What the “clean” movement has decided is to add more transparency to the ingredients used in perfume. This is not a bad thing. That it is seen as something “better” is where I draw my line. If a perfume brand wants to work more openly that is their choice.

Two years ago the actress Michelle Pfeiffer took this to an even stricter level. She wanted to work with the Environmental Working Group (EWG) an independent agency which monitors the ingredients in beauty products. She also wanted to only use only sustainably produced natural ingredients, collaborating with the organization Cradle to Cradle for that. Either piece is a significant hurdle. She found that the oil house International Flavor & Fragrance (IFF) was interested in working with her. They released a debut collection of five perfumes produced under this strategy.

Celine Barel

What I found was when you ask a perfumer to work with a radically reduced roster of ingredients you get something not quite what I would call a perfume. Many of them felt like accords in search of a structure. I forgot about them after this initial introduction.

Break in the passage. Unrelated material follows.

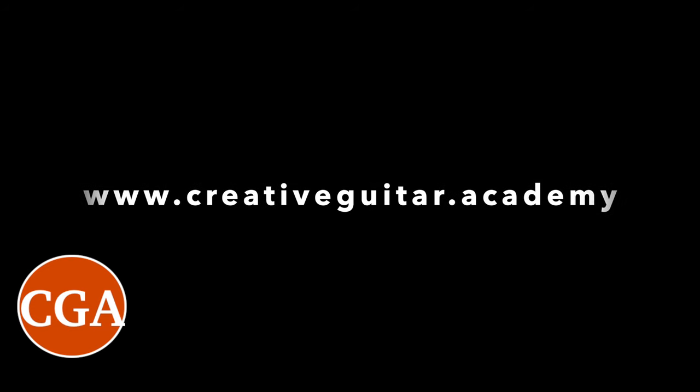If you'd like to know more, get in touch and book your free assessment with me. Please hurry as my time slots get booked up quickly, and I'd love to meet you and hear you play.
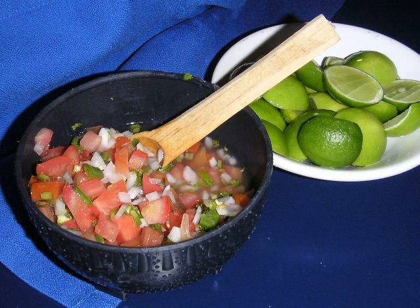The tomato-based variety is widely known as salsa picada, meaning 'minced' or 'chopped sauce.' In Mexico it is normally called salsa mexicana, or 'Mexican sauce.' Because the colors of the red tomato, white onion, green chili and cilantro are reminiscent of the colors of the Mexican flag, it is also sometimes called salsa bandera, meaning 'flag sauce.'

I received a press release and sample for the latest release Henry Rose Flora Carnivora. This was supposed to be a white flower scent. Now this seemed to me like a bridge too far for this concept. Except I found that perfumer Celine Barel had an ingenious way around it. Creating a perfume that made me think.

What makes Flora Carnivora so interesting to me is Mme Barel is working in an accord of tuberose instead of the real thing. Orange blossom and jasmine are both sustainably grown and harvested. Tuberose is less so. So if you can’t use the real thing, make an accord. Mme Barel does that. It has the creamy quality of tuberose which adds a lovely piece to the mix of orange blossom and jasmine. It is completed with vetiver and cedar adding a fresh woody foundation. Over time it warms to a more ambery woody as the florals become less prominent.

Flora Carnivora has 8-10 hour longevity and average sillage.

This is a much better perfume than any of the original five. It is also good enough that the provenance of the materials doesn’t concern me. What I do find is a creative perfumer using the restrictions to her advantage to make something good which is also “clean”.

Disclosure: This review is based on a sample provided by Henry Rose.